Market strategist: We're gauging signs the Fed may no longer be ‘on autopilot'

Goldman Sachs Asset Management Global Fixed Income Macro Strategist Gurpreet Gill joins Yahoo Finance Live to discuss December JOLTS report data, inflation, markets, the expectations for rate hikes, and the outlook for the Fed.

Video Transcript

[AUDIO LOGO]

BRAD SMITH: Also, today's comments from Fed Chair Jay Powell might already be priced into the market. But our next guest thinks it's worth looking at patterns for just how long the Fed expects to hold rates against inflation and whether that is priced into the markets. Joining us now is Gurpreet Gill, who is the global fixed income macro strategist over at Goldman Sachs Asset Management. Great to have you here with us this morning. OK, so take us into your thesis here and whether or not you believe that today's commentary from the Fed is already priced into the markets. And if not, then what would you be listening for?

GURPREET GILL: Hi. Well, first of all, thank you for having me on the show.

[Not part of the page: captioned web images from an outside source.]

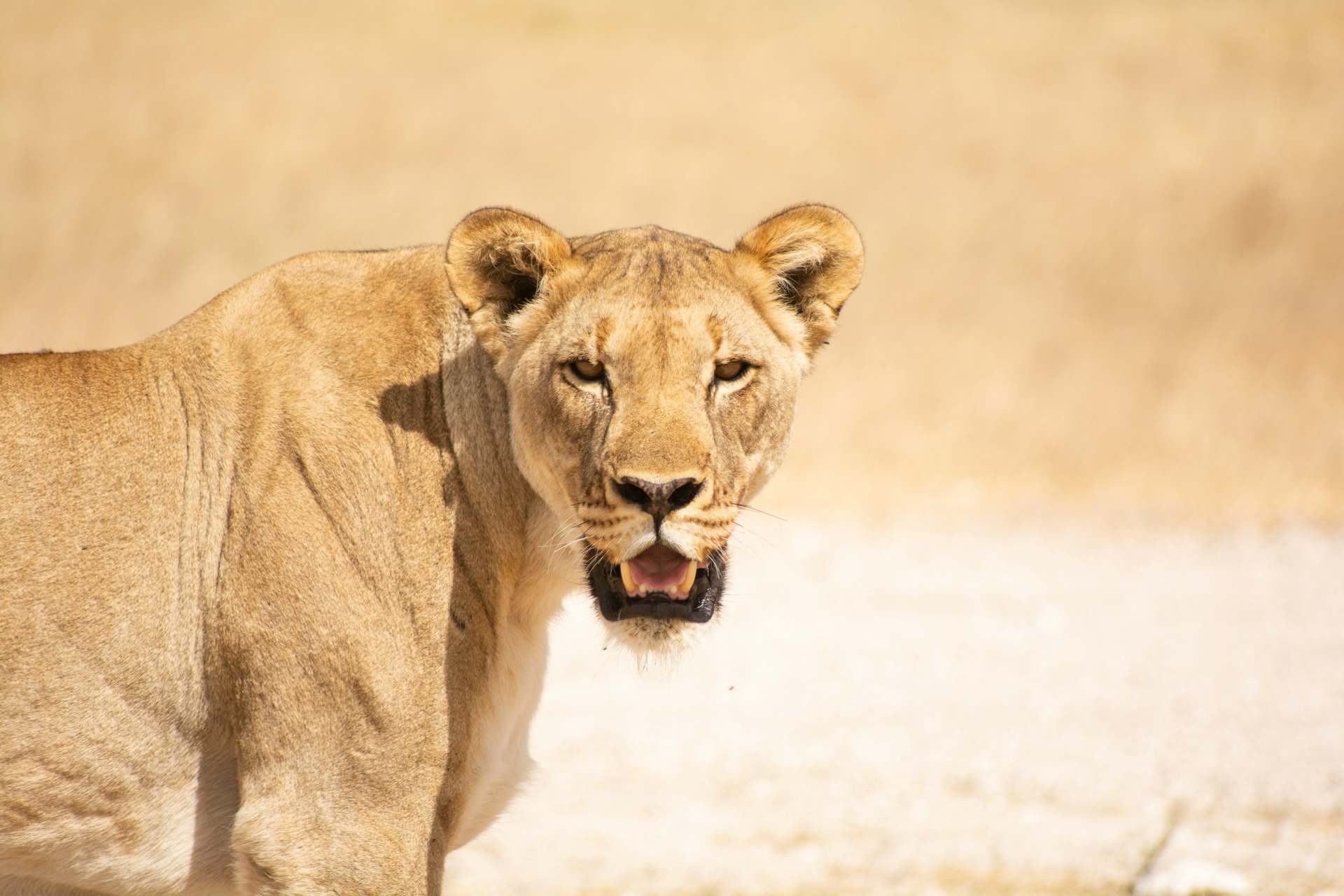Löwe im Etosha Nationalpark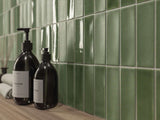 Skin Moss Gloss - SQM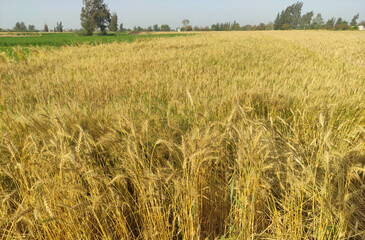 golden wheat field.A photo of golden wheat fields in Egypt 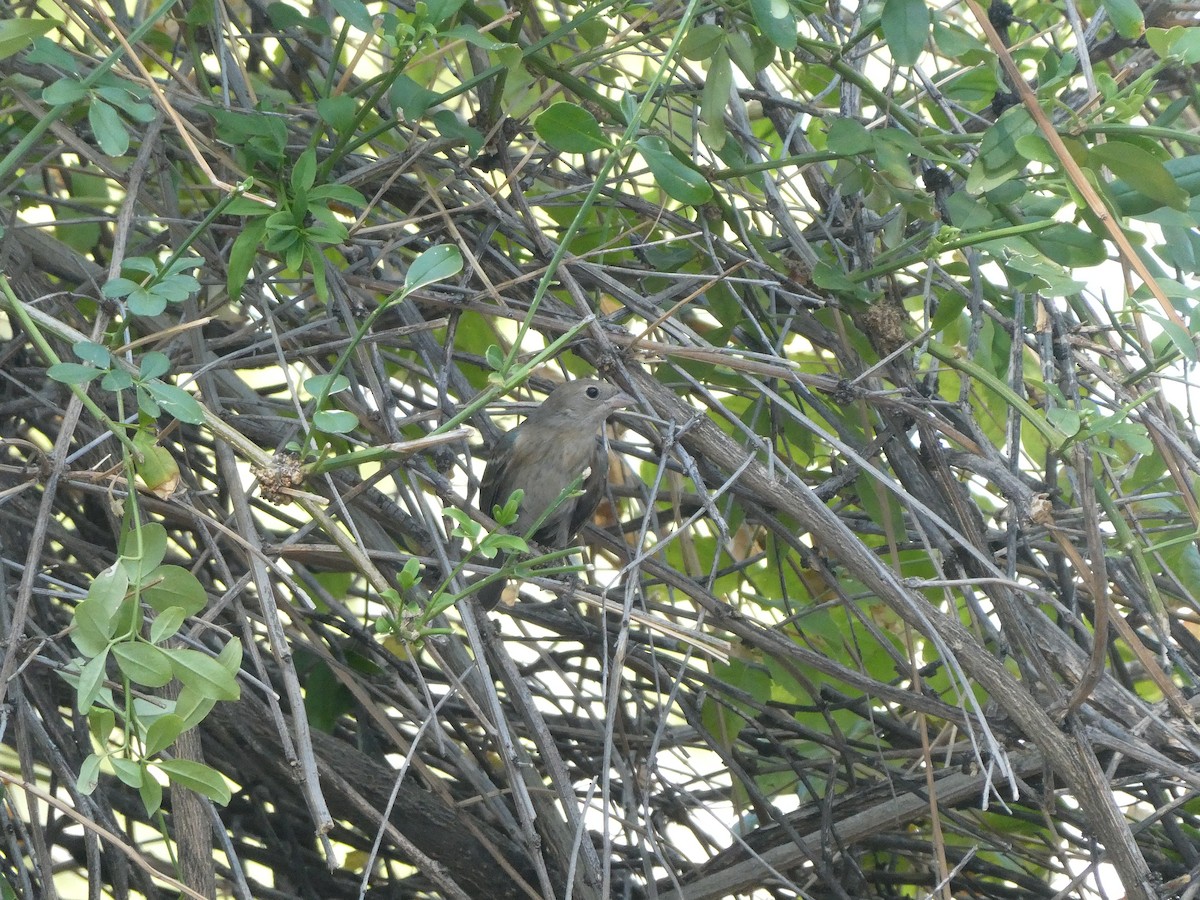 Lazuli Bunting - ML657271730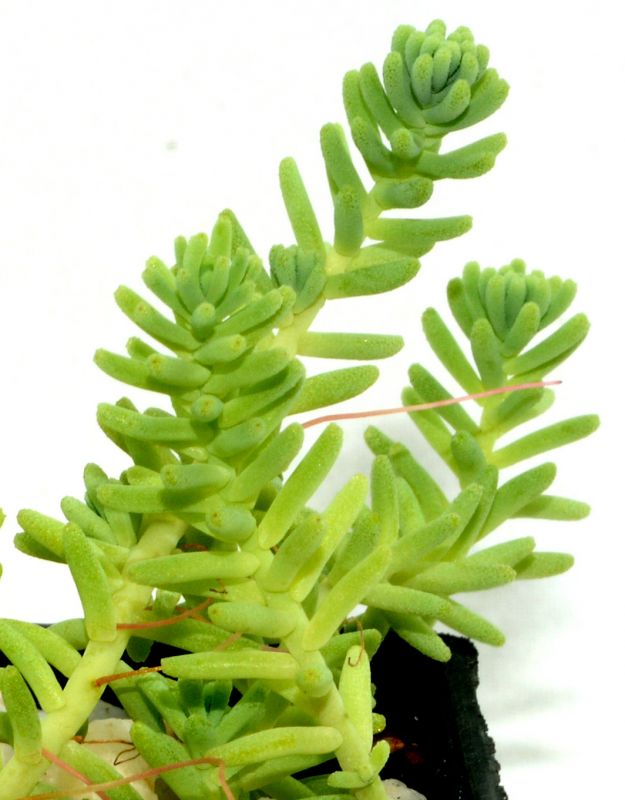 Una foto de Sedum sexangulare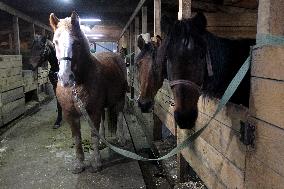 Hospital for sick horses opens at Dnipro animal shelter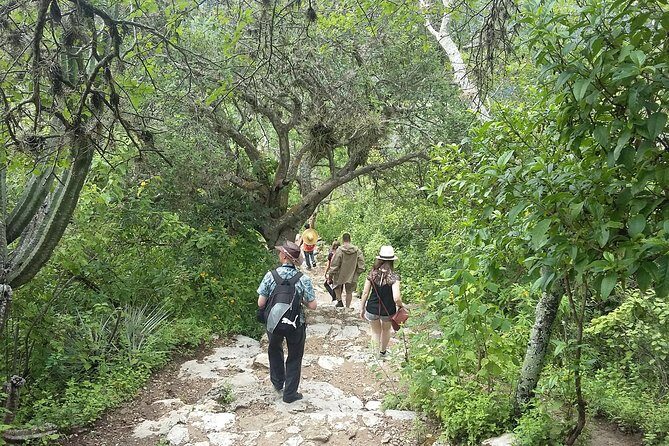 Hierve el Agua and Teotitlan del Valle Tour from Oaxaca - Final Thoughts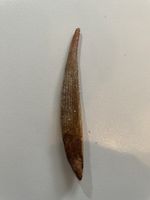 Rückenflosse - Hybodus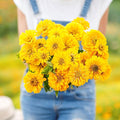 Eden Brothers Zinnia Seeds - Canary Bird, Non-GMO Seeds for Planting, Packet | Low-Maintenance Flower Seeds, Plant During Spring, Zones 3, 4, 5, 6, 7, 8, 9, 10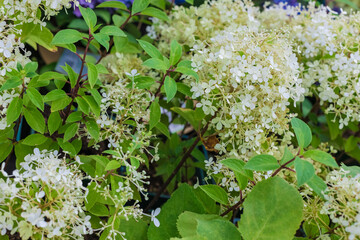 White hydrangea paniculata with green leaves close-up. Hydrangea paniculata for sale in a supermarket.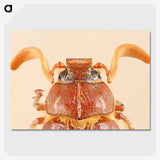 2-62_Insects-Unlocked-Project_picture-crop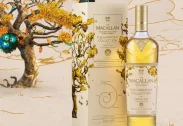 Macallan Harmony Collection Vibrant Oak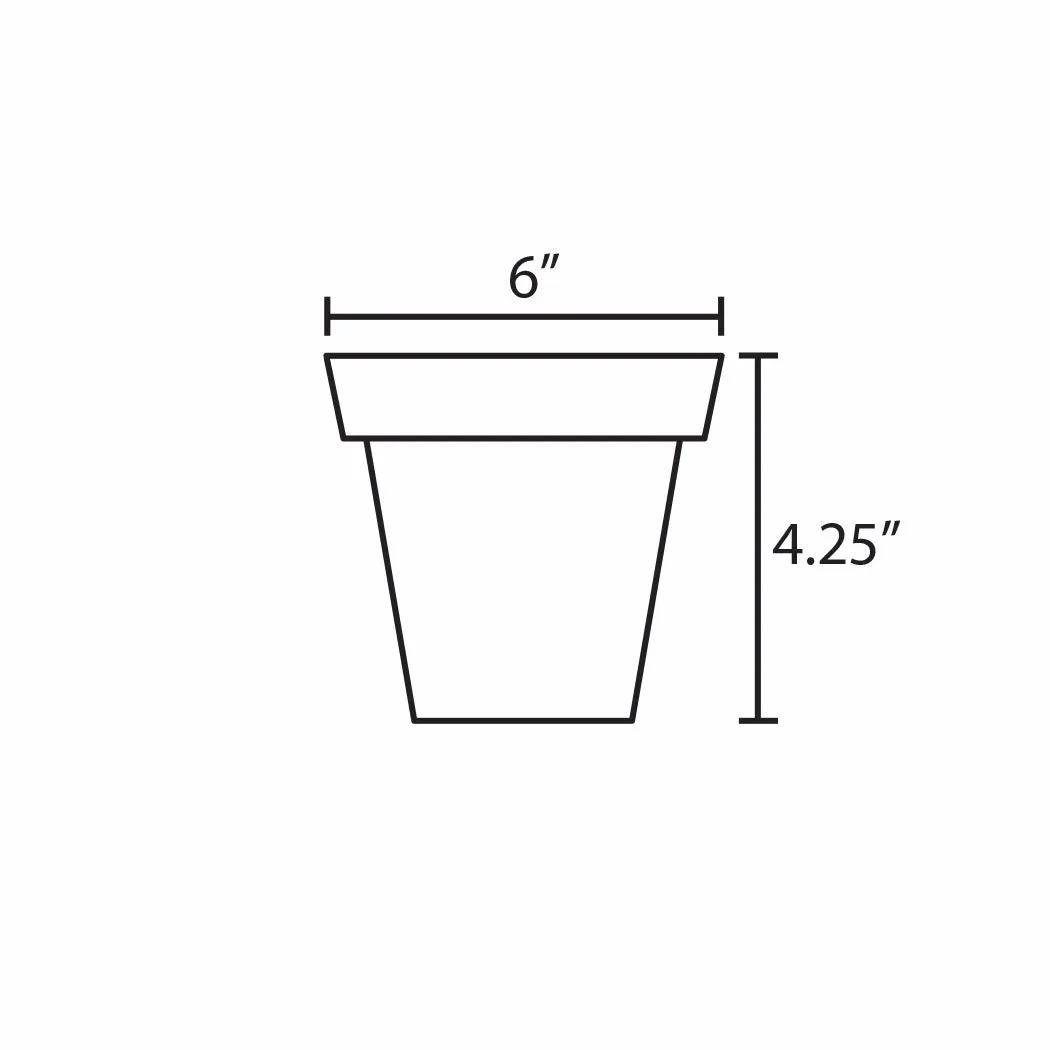 Philodendron 'Brasil' | 6-Inch Container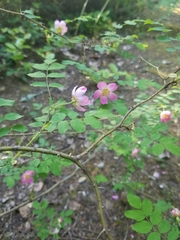 Rosa pisocarpa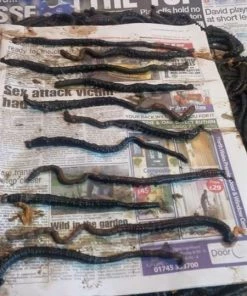 Flash Sale ⭐ Devon Baits Frozen Black Lug - Frozen sea baits ⭐ -Sea Fishing outlet shop sxtnbdpq635985782161240571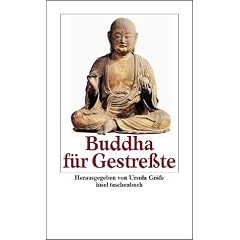 Buddha f�r Gestre�te (insel taschenbuch)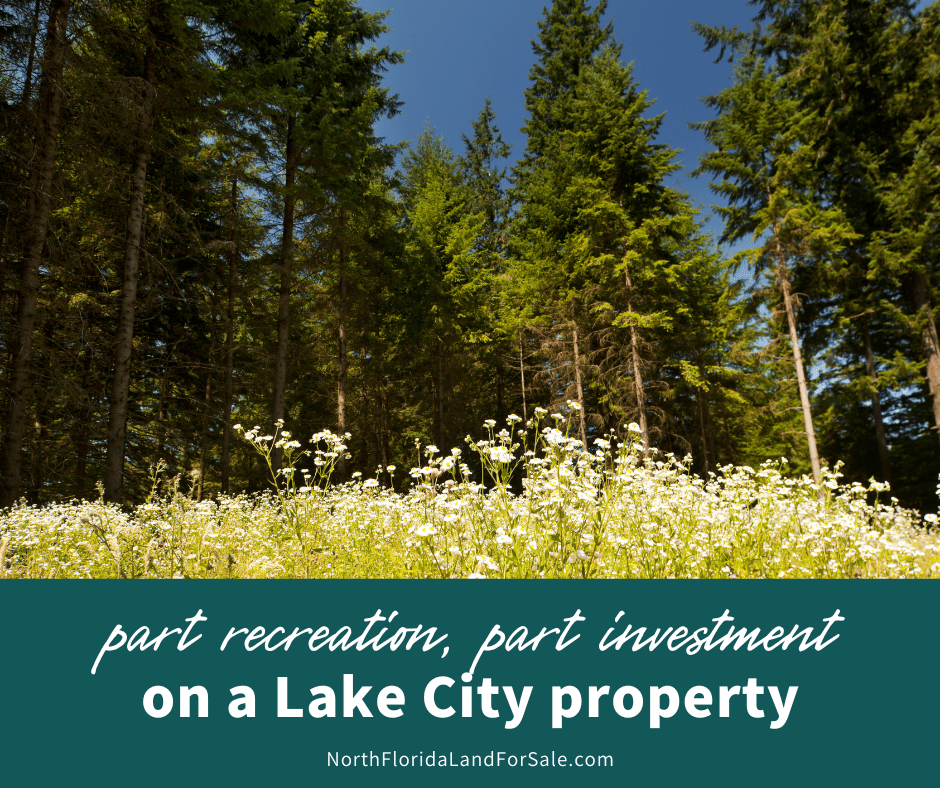 Hybrid Strategy - Part Recreation, Part Investment in Lake City Tracts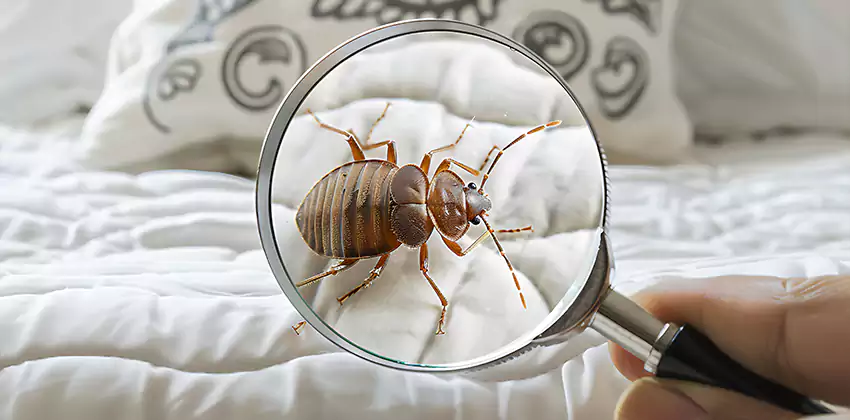 bed-bug-pest-control in Little Elm, TX
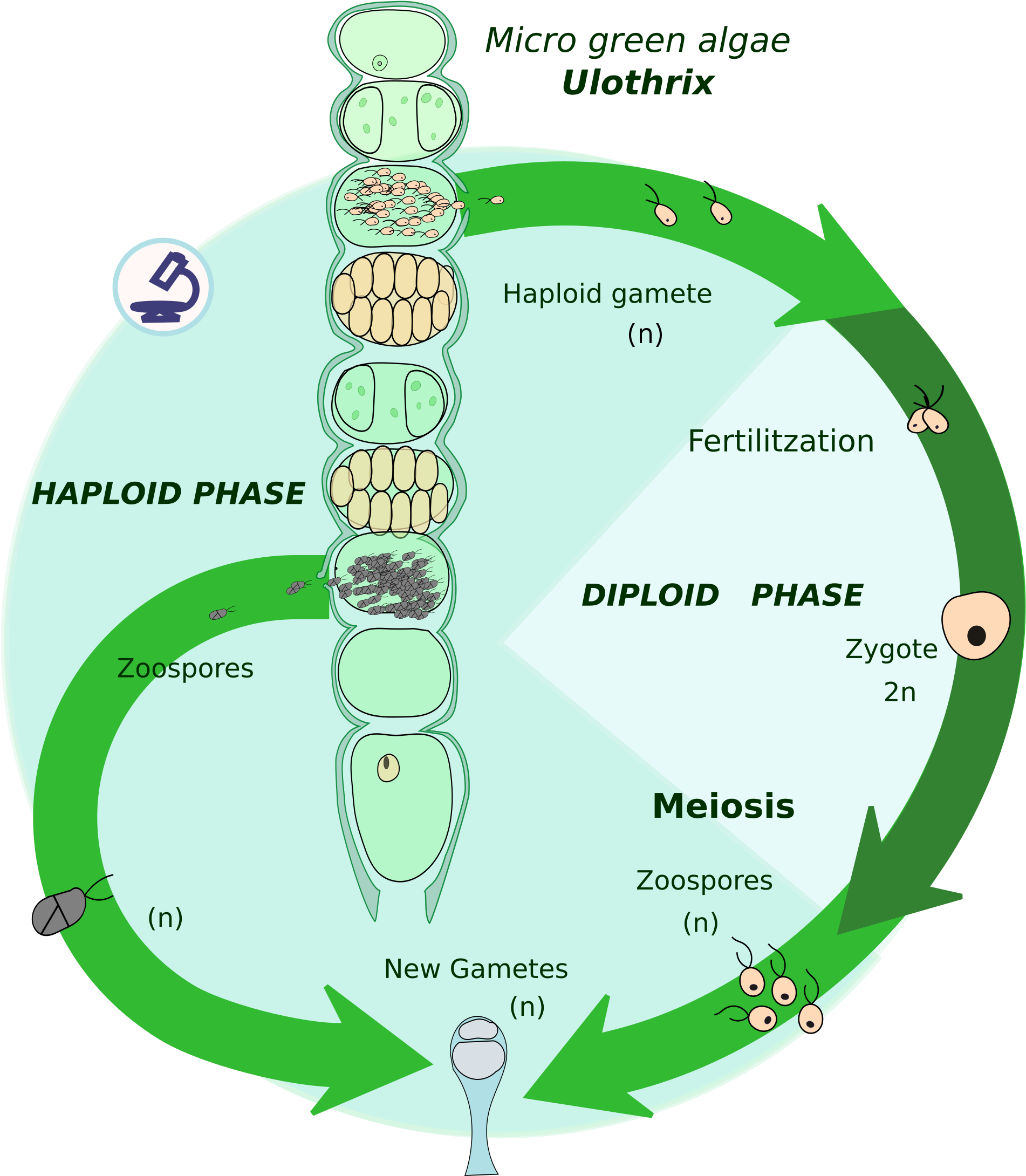 Haplontic Life Cycle[edit] - Biological Life Cycle (2000x2277), Png Download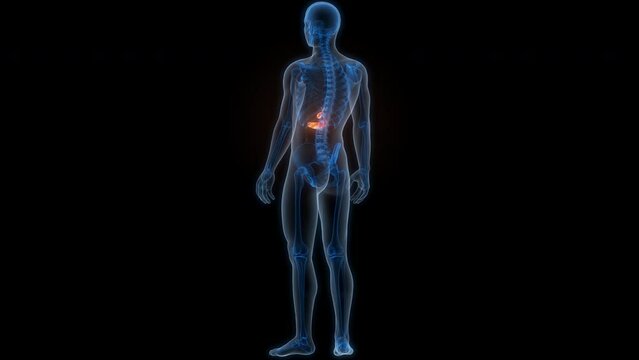 Human Internal Organ Pancreas with Gallbladder Anatomy Animation Concept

Fed Day can potentially be quite an auspicious day for markets, depending on whether we get a hawkish outcome or not. In terms of what we're looking for today, it's really what signals we get from the policy playbook after today's meeting. So today, it's widely anticipated that the Fed will step down the pace further to 25 basis points in terms of their rate hiking path.

But we are going to be gauging whether there's any changes in the meeting statement language, particularly the phrasing which currently states or alludes to ongoing rate hikes. In some ways, that suggests that this hiking path is on autopilot. And so any adjustments there that indicate that that is going to move towards more of a meeting by meeting approach would give us confidence in our current outlook, which is for the Fed to only deliver one more 25 basis point rate hike after today and then pause thereafter for eight to 10 months.

And so there you have those Ps. So the pace is slowing. The peak is likely 4.75%, in our view. And the pause will be eight to 10 months. And the final P that markets are focused on is whether the Fed pivots towards easing. In our view, the inflation data isn't going to evolve in a way over the coming months that warrants easing. And so we think market pricing for easing later this year is somewhat misplaced. But at the same time, we are probably slightly more dovish in the near term in that we don't expect a rate hike after March, unlike current market implied pricing.

JULIE HYMAN: Gurpreet, at the same time, if the job data existed in a vacuum, wouldn't the Fed have to keep on going? I mean, how much of a problem-- we just got job openings at 11 million, rising again, right? We still have growth in the job market. How much of a problem is that for the Fed and for those like yourself who are thinking they're going to get more dovish?